2. God’s purposes, instructions, and warnings about marriage apply both to men and women.

Some have taken the interaction between Jesus and the woman in John 4:18 to mean that Jesus had a different standard for women than he did for men. That line of thinking accuses Jesus of setting up one standard for men and a completely different one for women. Why can men divorce and women can’t? Is Jesus saying that women should stay in an abusive relationship? Is infidelity really the only reason that God excuses divorce? With these questions, it is important to understand that God’s standards for marriage and divorce apply equally to men and women. Jesus was not a misogynist. In fact, we see examples of Jesus lifting up women throughout his ministry. Remember the woman caught in adultery in John 8? “Neither do I condemn you. Go and sin no more,” says Jesus.

3. There is not only one legitimate reason to divorce.

Jesus does not teach that remarriage is adultery in every situation. Further, he does not teach that adultery is the only legitimate cause for divorce. Just use good exegesis and common sense on this one, guys. I’ve heard in many places and for many years that women have to suck it up in an abusive relationship because, well, the guy hasn’t cheated.
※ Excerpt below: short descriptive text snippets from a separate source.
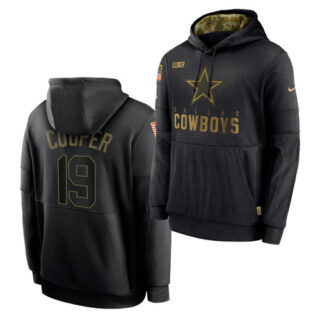 Men's Dallas Cowboys #19 Amari Cooper 2020 Salute To Service Black Sideline Performance Pullover Hoodie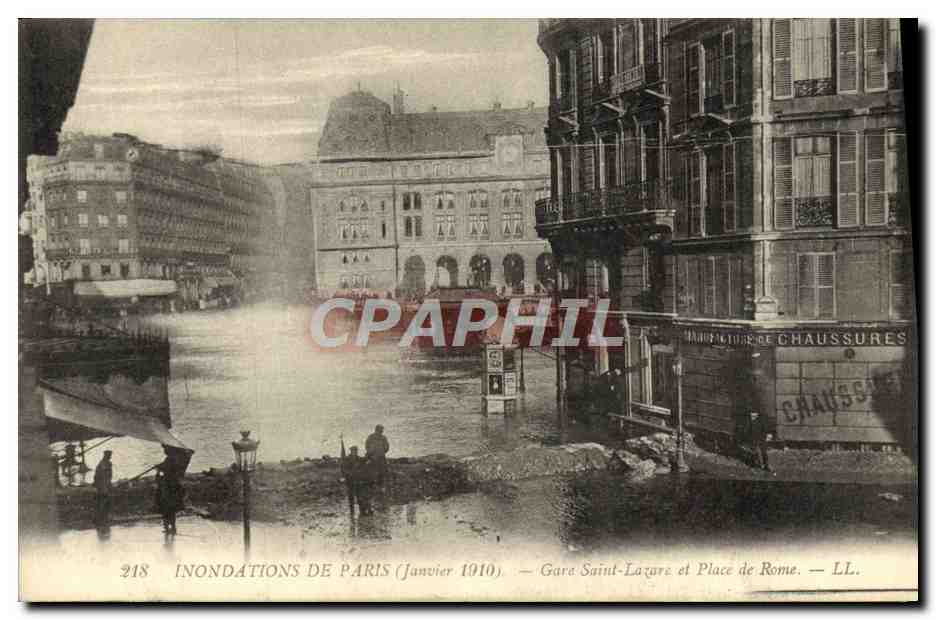 CPA Inondations De Paris Gare Saint Lazare Et Place De Rome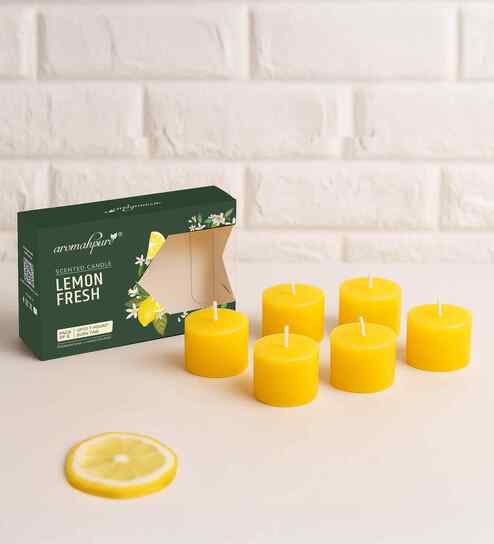 Lemon Scented Set of 6 Votive Candles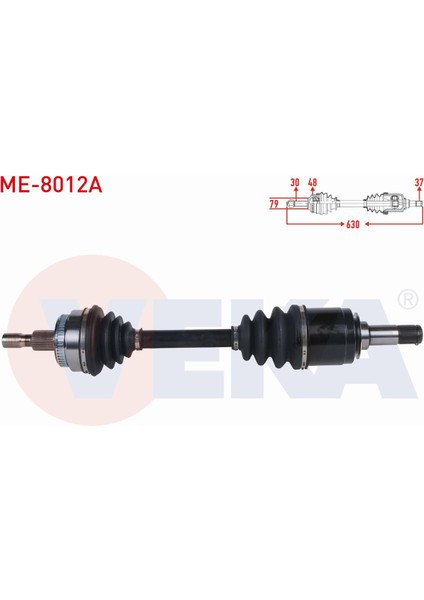 Mercedes M SERISI(W163)ML 270 Cdı Abslı 48 Dıs Uzunluk 630 mm 98-05 Komple Aks Sol Ön 163 330 01 01
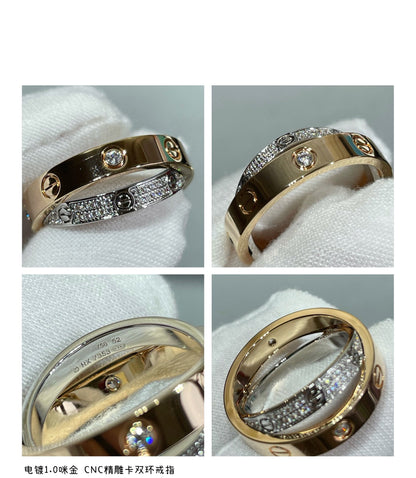 [Vintora]LOVE PINK GOLD SILVER DIAMOND DOUBLE RING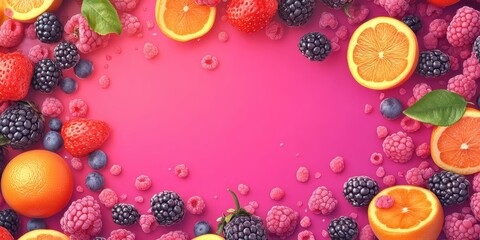 banner with dynamic array of fresh fruits 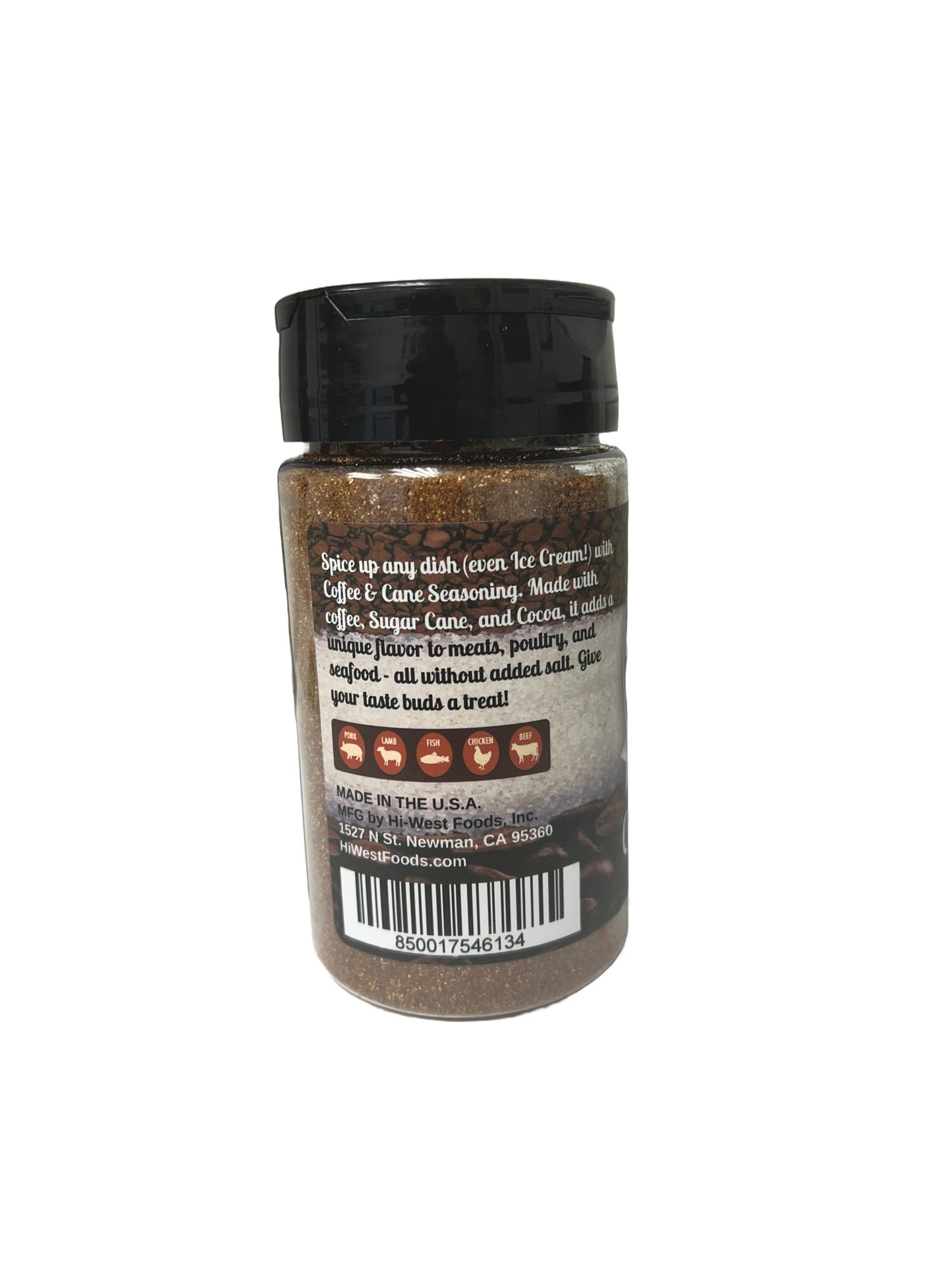 Hi-West Coffee & Cane Seasoning bottle, adding unique flavor to any dish without added salt.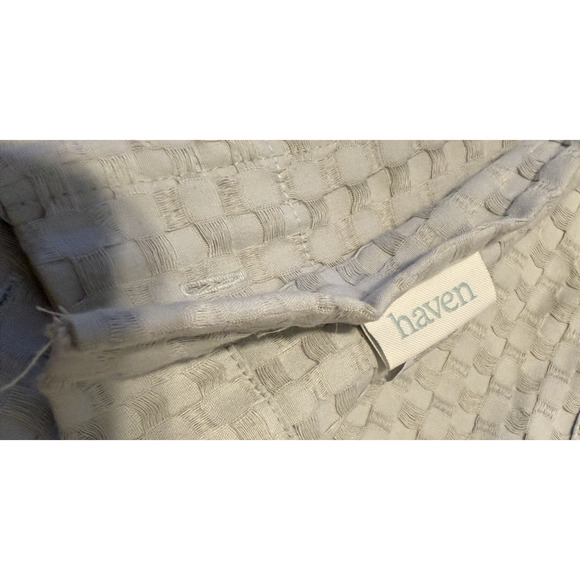 Haven OEKO-Tex Waffle Weave Shower Curtain Cotton Blend Harbor Mist Gray Green - Picture 7 of 7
And yet, we laugh at the legalistic Pharisees that Jesus scolded. At the very least divorce is permitted or accommodated in Scripture when there is infidelity, abandonment, abuse. God doesn’t desire for people to be “stuck” in marriages that are abusive, adulterous, etc. Also, there are situations in which remarriage is appropriate. Here is a helpful podcast on this issue: Vox Podcast with Mike Erre: Divorce. Mike Erre correctly exegetes the passage in Matthew 5:31 to show that Jesus was actually refuting what was known and practiced as “any cause” divorce during those times. Like many other times in his ministry, Jesus was actually raising the standard here and elevating women.

4. Men and women are not “disqualified” for ministry if they have been remarried or divorced.
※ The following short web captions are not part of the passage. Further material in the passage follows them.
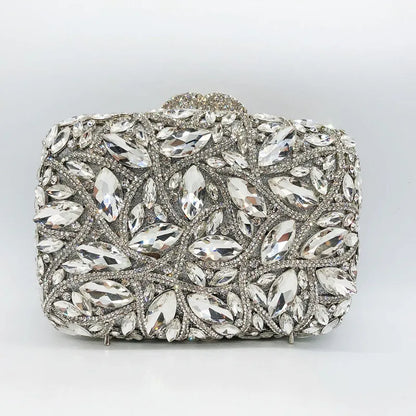 Rhinestone Crystal Clutch Purse Gold Metal Evening Wedding Bridesmaid Handbags New100% Handmade Women Diamond Bags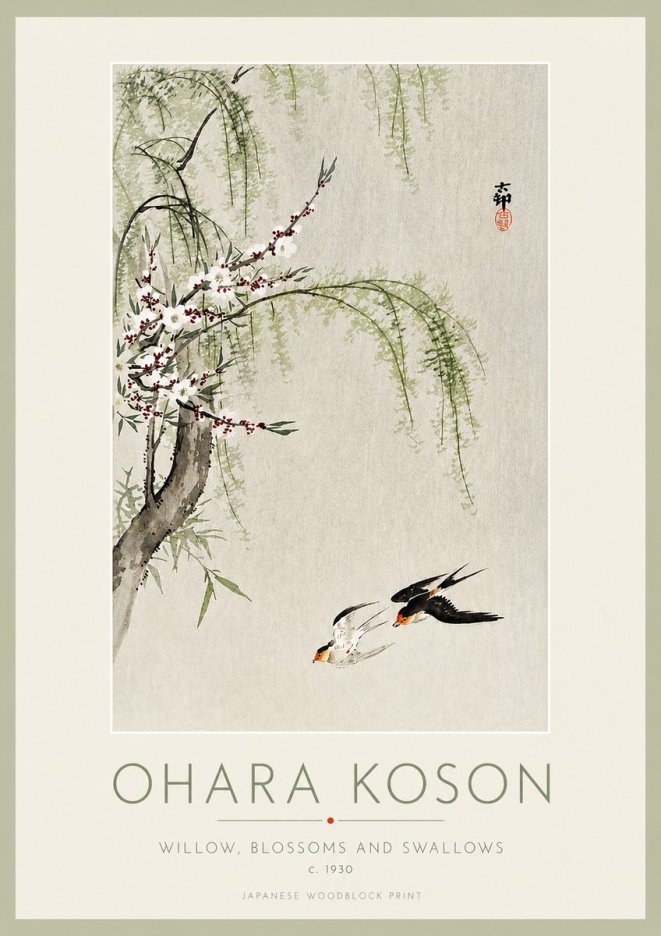 Ohara Koson Willow, Blossoms and Swallows No3 - Poszter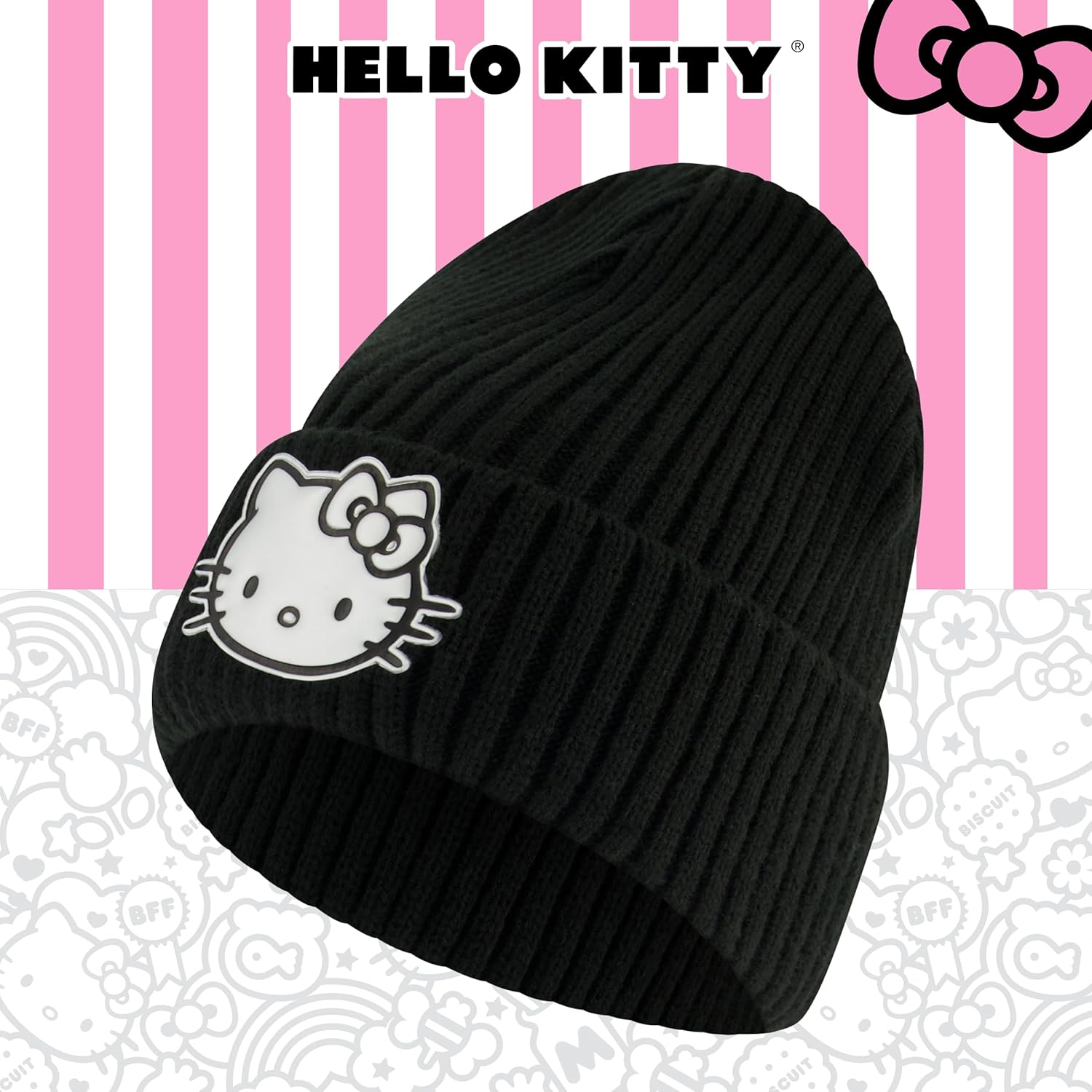 Hello Kitty Beanie Hat, Women's Acrylic Cuffed Knitted Winter Cap, Black, One Size - Image 6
Paul had people killed and is an apostle. Peter denied Christ and is an apostle. God uses broken people for his purposes and can use those who have been remarried, divorced, or even committed adultery for ministry. Paul tells us in two places in Scripture that an elder is to be the husband of but one wife. This does not mean that a divorced or remarried man cannot be an elder. (This also does not mean that women are outlawed from ministry – See Priscilla, Aquila in Acts 18, Phoebe in Romans 16, and others). Instead, like the other qualifications, Paul is saying this is the character of a person who is to be an elder. Notice he says “not given to drunkenness,” not that the person must have never been drunk in his life. He says “not quick-tempered” and not that the person has never lost his temper. Similarly, the teaching is “faithful to his wife” or “husband of but one wife,” and not that the person has never had a divorce or has never been remarried.

5. God does not want a remarried couple to now get divorced to “fix the problem.”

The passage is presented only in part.